(August 15, 2016 at 1:55 am)Arkilogue Wrote:(August 15, 2016 at 1:26 am)Maelstrom Wrote: I know evidence should resemble evidence rather than conjecture.https://en.wikipedia.org/wiki/Kepler_conjecture
Funny you mention "conjecture"! According to Kepler and other mathematicians, each sphere in a maximum density equal sized sphere pack takes up ~74 of the available space vs the space in between the spheres. I take this to be the maximum expansive constant (dark energy) on each of the identical universes in my model. After I unfold my total model you'll see it predicts 6 individual space-time bends within each single universe. This affects the ~74.05% maximum. 1/6 of 74 = ~12.34. 74.05-12.34 = 61.71. This is the minimum DE expansive constant (pull of the rest of the universe on our region of space-time)
The appearance of matter in this model is poly-local as white-hole spews of quark plasma erupt across all 6 space-time regions simultaneously and these are the nuclei of galaxies. More to the point, this is a limited spew like a pressure equalization event. Take a balloon and expand it until the membrane itself opens enough to let air out. Barring imperfections in the rubber, it will be random/uniform leak of air until the integrity of the membrane is re-established. Notice there would be a slight over pressure inside the balloon vs the outside. Not exactly equal.
Prediction: Back to the math, if the pressure equalization by matter spew in our region of the universe was exactly equal, I'd expect the DE value to be the exact mean between 74.05 and 61.71 which is 67.88.....less than half a percent under the current refined dark energy expansive value of 68.3%
This is verging on numerology. Unless you can show that these six folds give rise to these proportions, then these numbers are just coincidental. Where do the six folds come from? The tetrahedron?

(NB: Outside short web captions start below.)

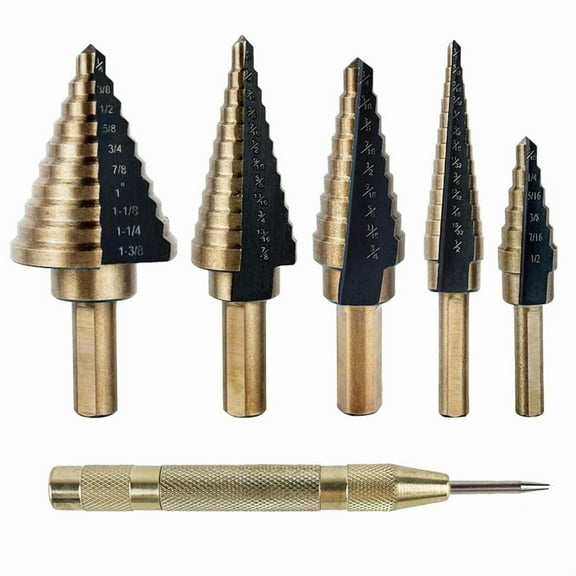 5pcs Step Drill Bits for Metal, Wood, Plastic, 50 Sizes Tri-Flat Shank HSS Titanium Step Drill Bit Set with Center Punch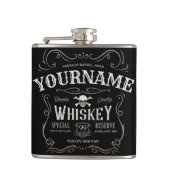 Oude Whiskey-label Aangepaste  liquor Bar Heupfles (Voorkant)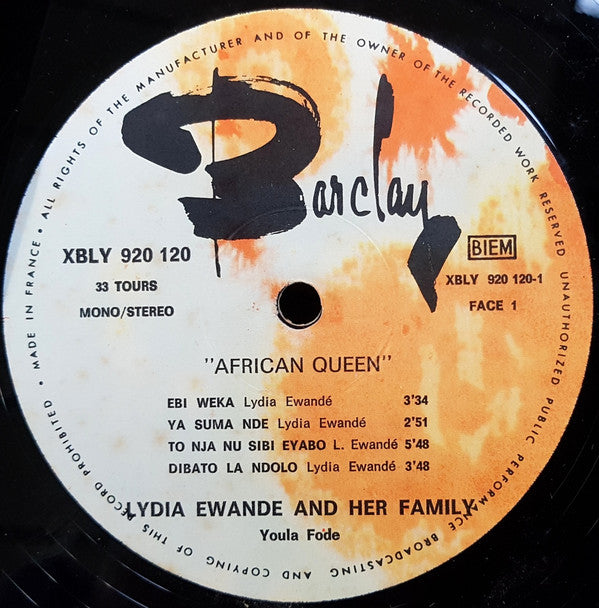 Lydia Ewande And Her Family avec Youla Et Ses Rytmes Africains : African Queen (LP)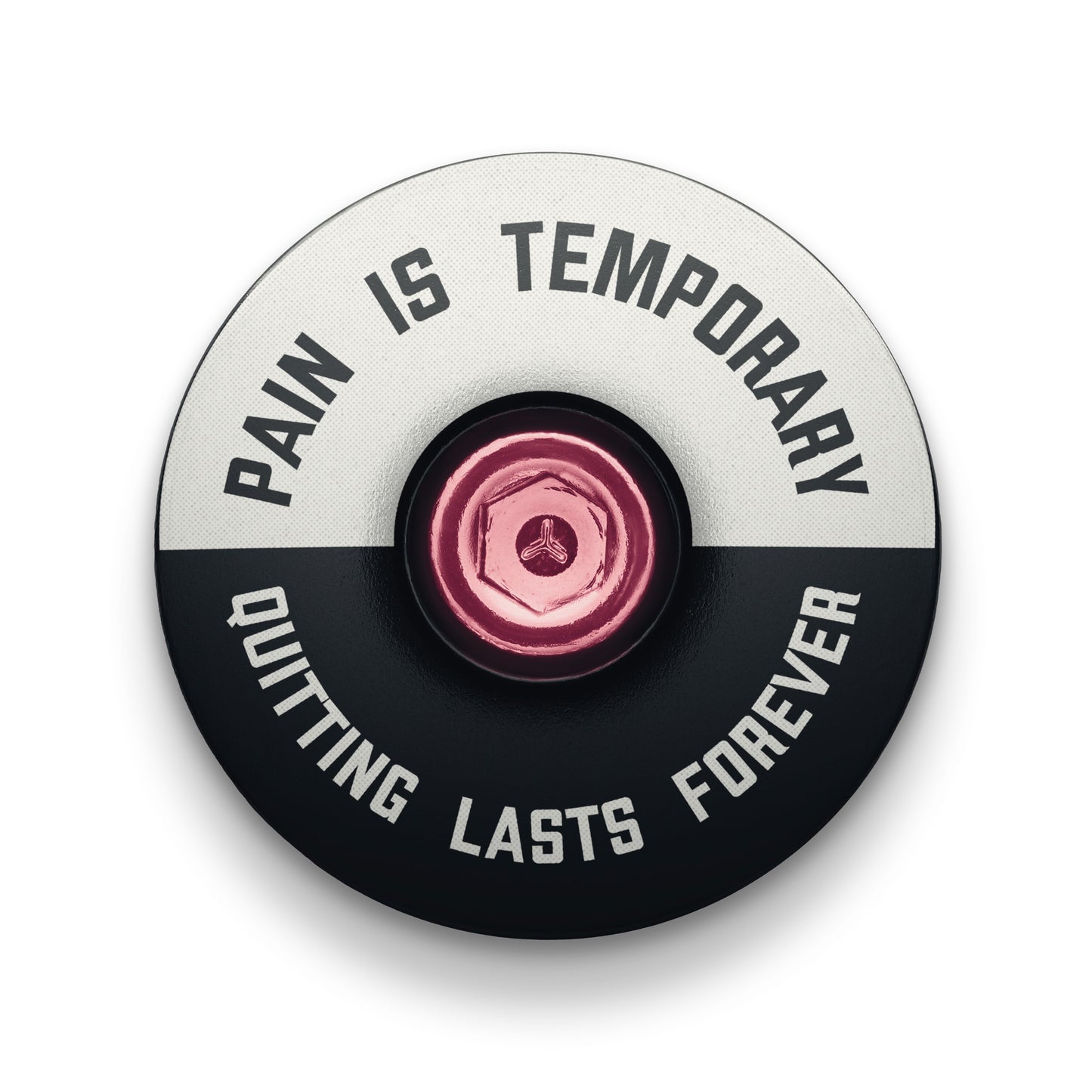 Black bicycle headset cap with "Pain is Temporary" design for 1 1/8" steerer tubes.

(August 15, 2016 at 1:55 am)Arkilogue Wrote: Evidence: https://en.wikipedia.org/wiki/Dark_energy
In physical cosmology and astronomy, dark energy is an unknown form of energy which is hypothesized to permeate all of space, tending to accelerate the expansion of the universe.[1] Dark energy is the most accepted hypothesis to explain the observations since the 1990s indicating that the universe is expanding at an accelerating rate.
Assuming that the standard model of cosmology is correct, the best current measurements indicate that dark energy contributes 68.3% of the total energy in the present-day observable universe. The mass–energy of dark matter and ordinary (baryonic) matter contribute 26.8% and 4.9%, respectively, and other components such as neutrinos and photons contribute a very small amount.[2][3][4][5] Again, on a mass–energy equivalence basis, the density of dark energy (~ 7 × 10−30 g/cm3) is very low, much less than the density of ordinary matter or dark matter within galaxies. However, it comes to dominate the mass–energy of the universe because it is uniform across space.[6][7][8]